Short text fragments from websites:
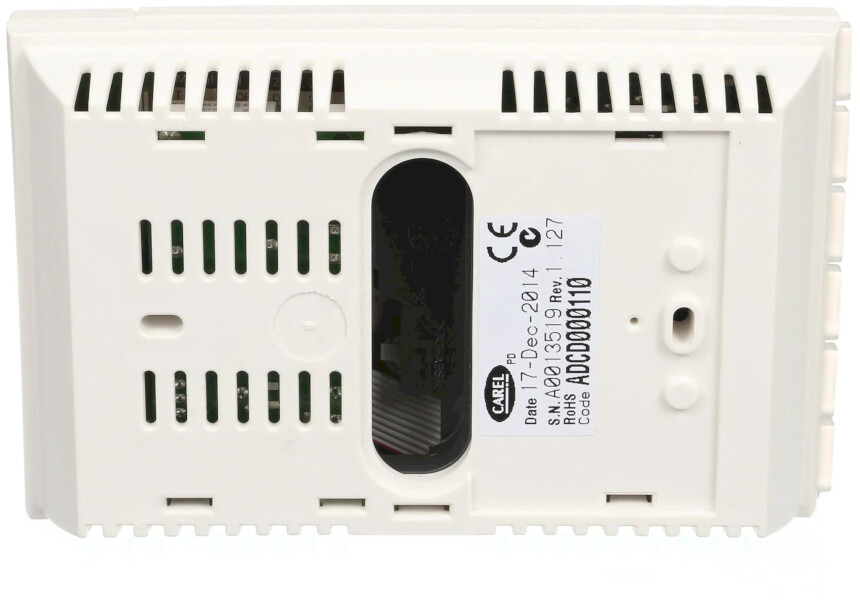 carel-adcd000110-04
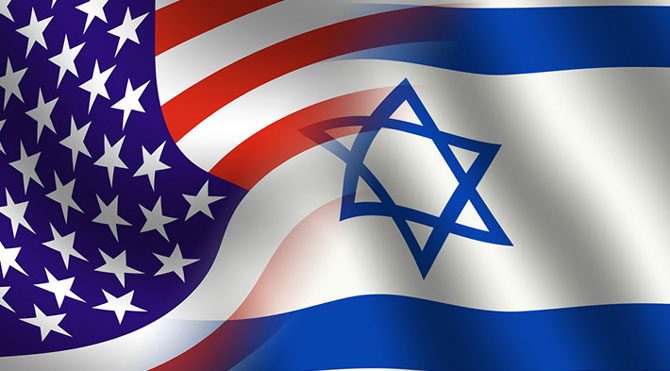 ABD'den İsrail'e çok sert eleştiri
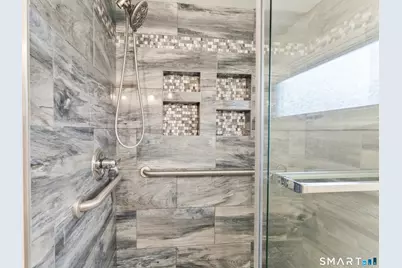 67 Dogwood Drive, Southington, CT 06489 - Photo 17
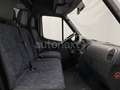 Mercedes-Benz Sprinter 313 CDI *Behörde/Camper* MARKISE 3790 Blanc - thumbnail 15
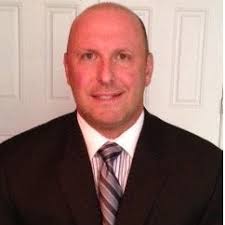 Aja Byrd Email & Phone Number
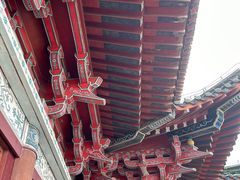 -滕王阁旅游区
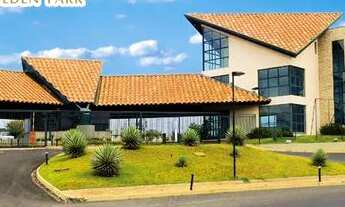 Imagem 5: CASA em condomínio de luxo Mirassol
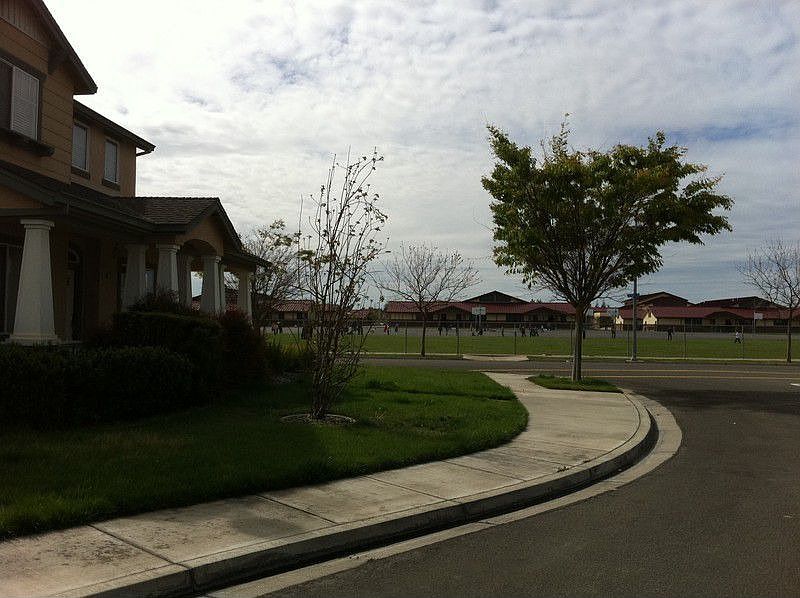 2nd image of 4630 Monarch Ct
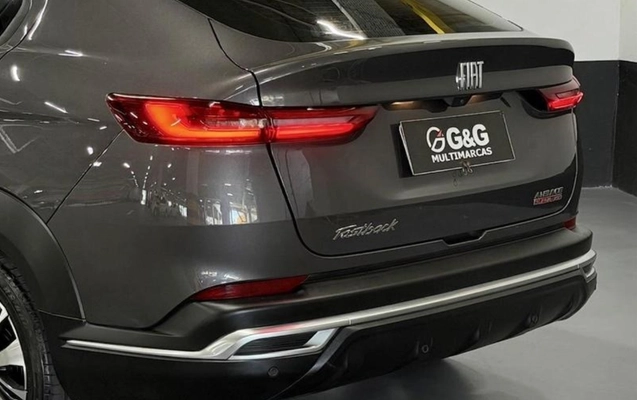 imagem-https://www.socarrao.com.br/sc-vehicle-images-prod/3983893/1789951358325-ODQ2MDIxNl82X0JfNDJmYzQ3OGNhNS5qcGVn.jpeg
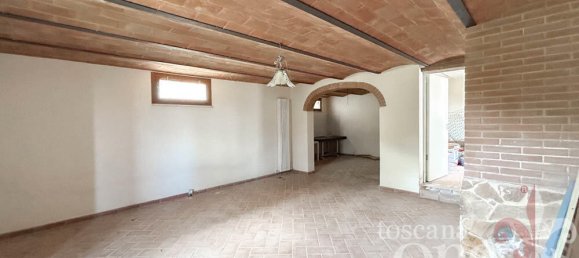 Дом с 3 спальнями в Лаятико, Италия № 105629 27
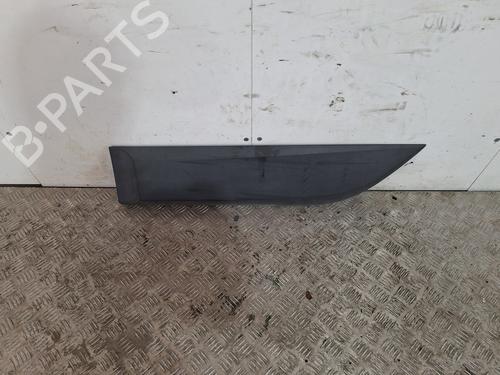 door-moulding-trim-renault-scenic-iii-jz01_-2008-2009-2010-2011-2012-2013-2014-2015-2016-31833186 main image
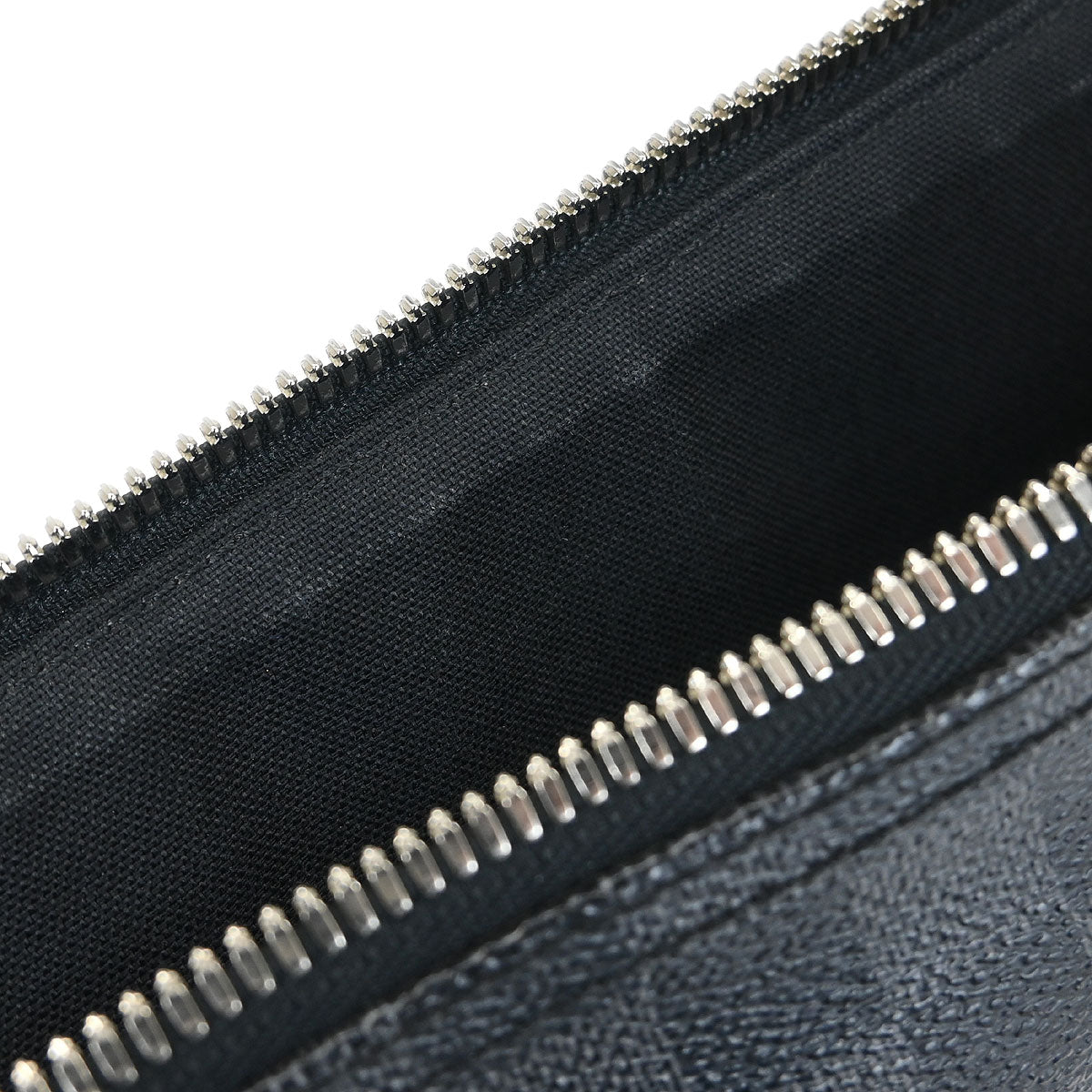 Louis Vuitton Damier Graphite Mick MM Shoulder Bag N41106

ACTIVITY:
Repeat the records word for word. Leave out whatever pictures they hold.

EXERCISE RESPONSE:
 carel-adcd000110-04
 ABD'den İsrail'e çok sert eleştiri
 67 Dogwood Drive, Southington, CT 06489 - Photo 17
 Mercedes-Benz Sprinter 313 CDI *Behörde/Camper* MARKISE 3790 Blanc - thumbnail 15
 Aja Byrd Email & Phone Number
 -滕王阁旅游区
 Imagem 5: CASA em condomínio de luxo Mirassol
 2nd image of 4630 Monarch Ct
 imagem-https://www.socarrao.com.br/sc-vehicle-images-prod/3983893/1789951358325-ODQ2MDIxNl82X0JfNDJmYzQ3OGNhNS5qcGVn.jpeg
 Дом с 3 спальнями в Лаятико, Италия № 105629 27
 door-moulding-trim-renault-scenic-iii-jz01_-2008-2009-2010-2011-2012-2013-2014-2015-2016-31833186 main image
 Louis Vuitton Damier Graphite Mick MM Shoulder Bag N41106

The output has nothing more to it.